SAN ANTONIO — It’s estimated 500 homes are demolished each year in San Antonio, and staff estimate that number is going up. During a presentation to city council, the city’s Office of Historic Preservation compared de-construction to organ donation.
“Sometimes buildings are going to come down; their building removal is necessary. But, when that happens, those materials can be reused and extend the life of other buildings in our community,” Shannon Miller said.
The goal behind the ordinance will be to deter most materials from going to landfill. The de-construction ordinance passed the city council in a 10-1 vote on September 8.
Homes can stand for decades but can be torn down in an instant when they’re demolished.
“It’s what’s happening, and it’s what we’re trying to stop from happening,” Leticia Sanchez with the Historic Westside Residents’ Association said. It's happening in her neighborhood too.
Even though a home might be coming down, it doesn’t mean everything must go.
“Any type of wood, like framing materials and things like that, but also fixtures, molding, windows, doors and cabinets, those types of things,” Miller said. These are the kinds of materials that can be salvaged.
The de-construction ordinance will become effective in October 1 and will be implemented in three phases. The first phase will impact city-executed demolition of homes built before 1920.
Phase two of the program, which starts January 2023, will include all demolitions done by the city or a private contractor.
The third phase, which begins January 2025, will include all homes that were built during or before 1945.
Once fully implemented, the program could impact nearly 40% of demolition permits.
Councilmember Clayton Perry was the sole vote against the ordinance, saying de-construction is expensive.
“There’s estimates out there from $2,000 to $3,000 additional cost for construction by going this de-construction method, and that’s where I have my biggest heartburn,” Councilman Perry said.
Miller says that estimate is correct for a home between 1,200 to 1,400 square feet. Miller says the property owners can get some of that money back.
“That obviously does not take into account the value of the materials themselves, which many times, those materials can be sold,” Miller said.
Miller says it's up to the property owners to decide what they want to do with the materials.
Sanchez doesn’t believe the ordinance goes far enough as most buildings on the west side were built in the 1940s.
“We’re losing so many structures in the west side. It pains us every time we see another demolition in our neighborhood,” Sanchez said.
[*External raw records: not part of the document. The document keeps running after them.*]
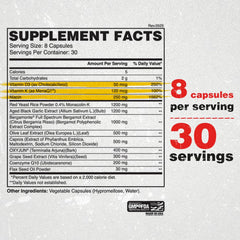 Apollon Full of Heart capsules arranged for daily use, illustrating structured supplementation.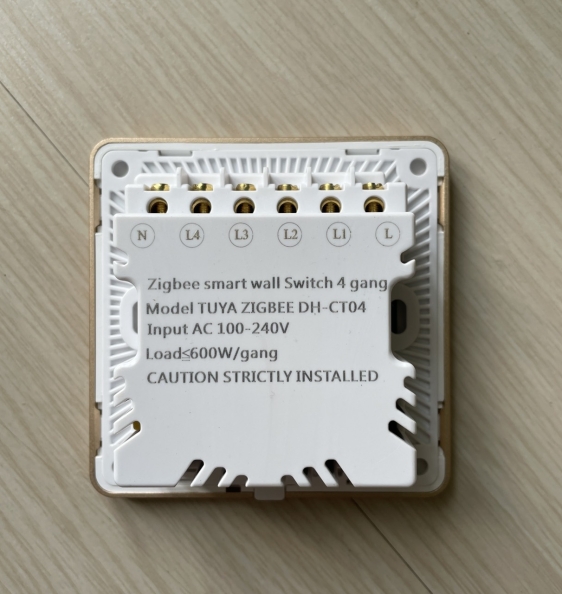 Công tắc thông minh mặt kính cảm ứng Zigbee Tuya Mặt Vuông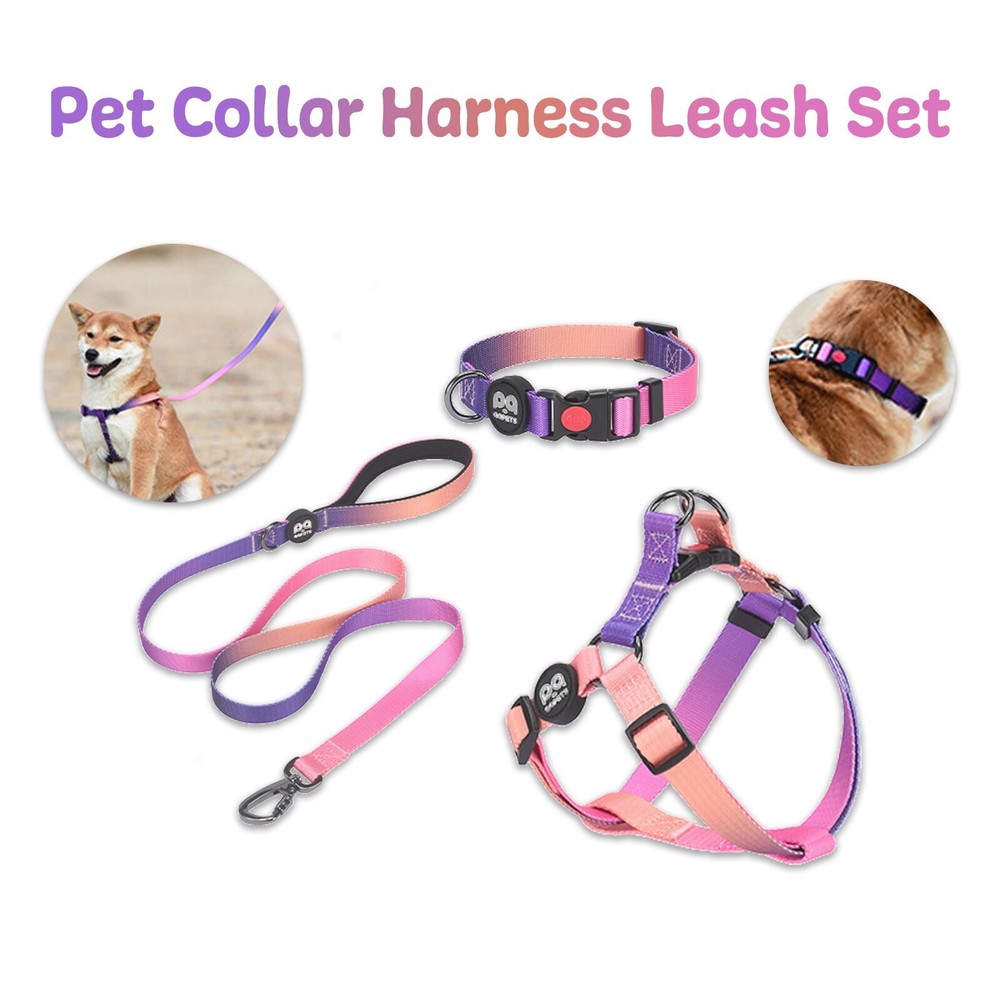 No Pull Dog Pet Harness Collar & Leash Set Adjustable Control Vest Reflective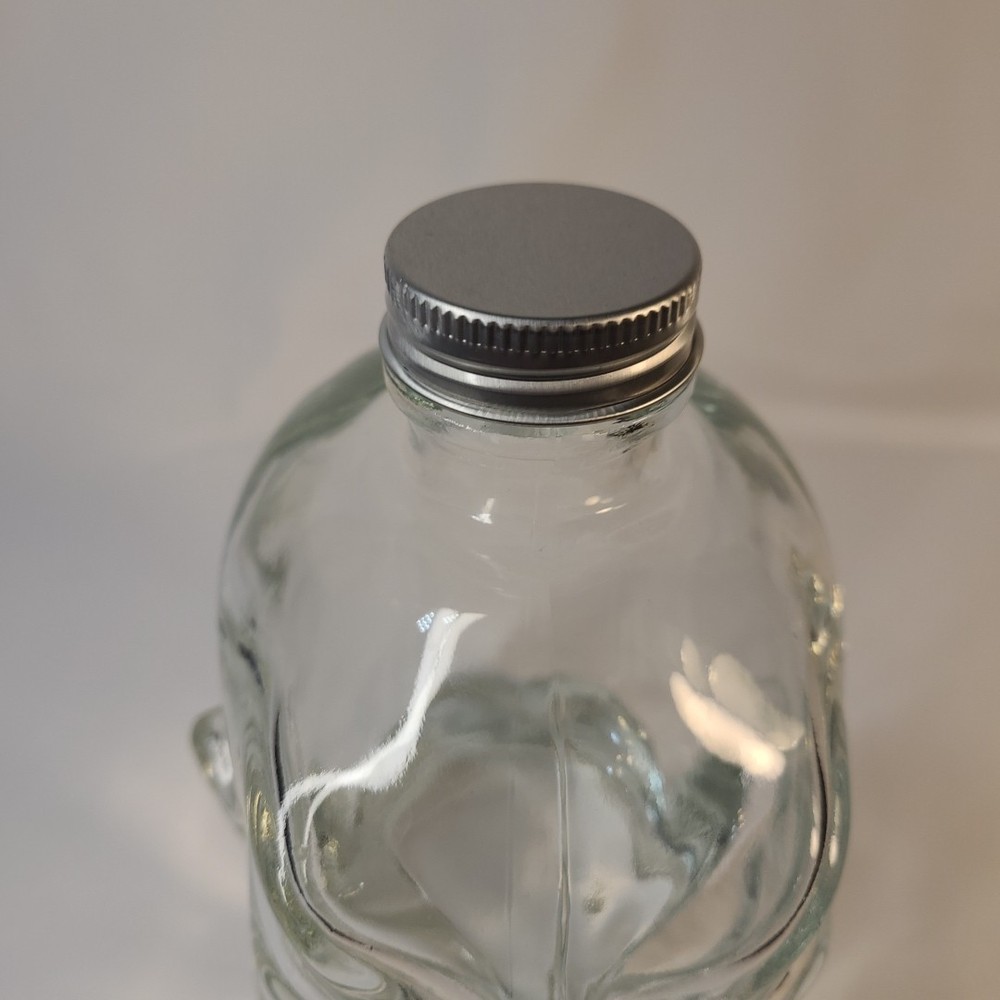Clear Glass Demon Devil Head Bottle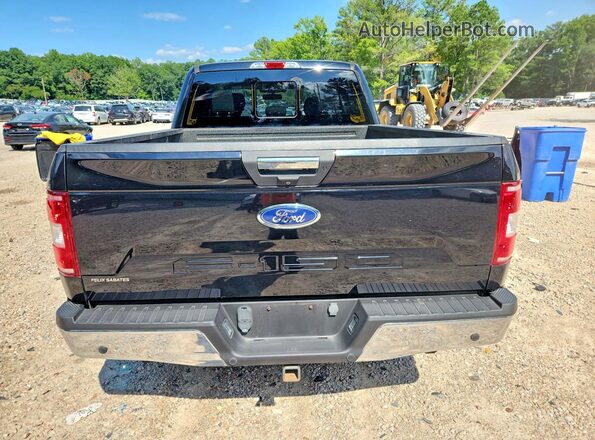1FTEW1C51KFB00352 2019 FORD F150 Black Widok wnętrza z przodu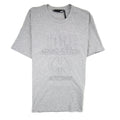 Love Moschino Embossed Peace Logo T-shirt Grey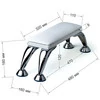 Подлокотник ECOSTAND Mini белый на металлических ножках 480х160х160мм - Фото №3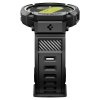 - Samsung Galaxy Watch 8 44mm - Armband & Skal - Rugged Armor Pro - Matte Black
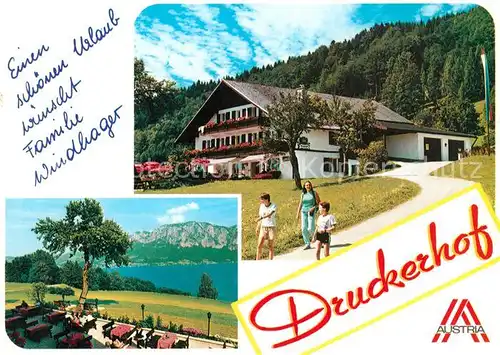 AK / Ansichtskarte Unterach_Attersee Druckerhof  Unterach Attersee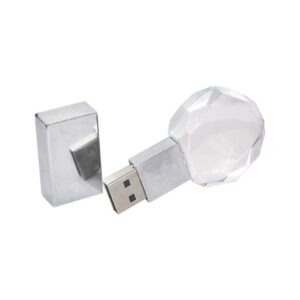 Round Crystal Metal USB Flash Drives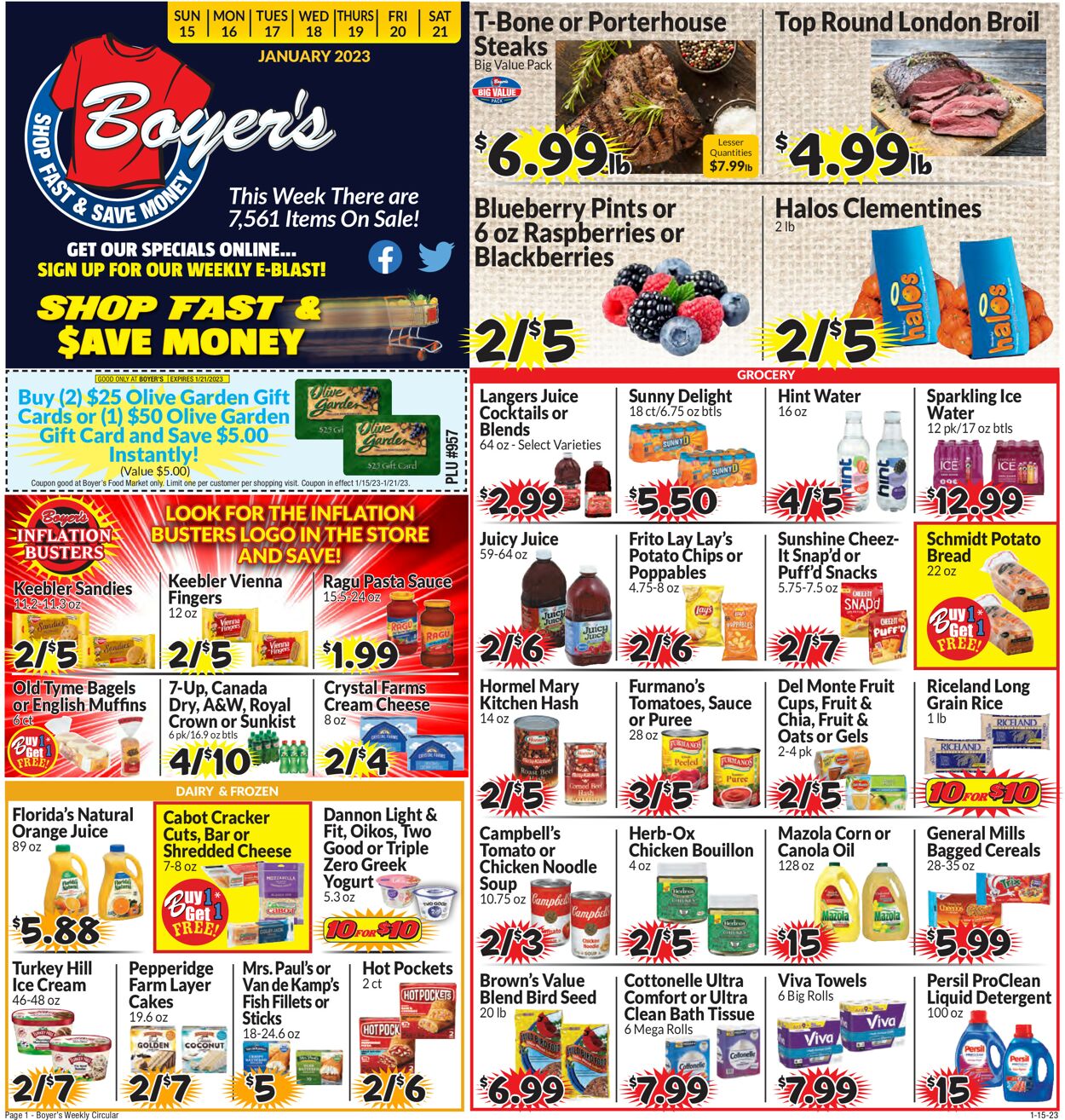 Boyer's Food Markets Weekly Ad Circular - valid 01/15-01/21/2023 (Page 3)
They hope it will save some of the city’s oldest housing stock from being torn down.
To keep as much waste as possible from being dumped, the material could also be donated to the city’s Material Innovation Center where students can learn how to use reclaimed material in new projects.
“As a result of de-construction, we’ll be able to salvage more framing material, and things like that is sometimes, or often, is lost,” Miller said.
It’s estimated that a minimum of 2,800 tons of materials could be salvaged from 50 demolished homes within the first phase of the program.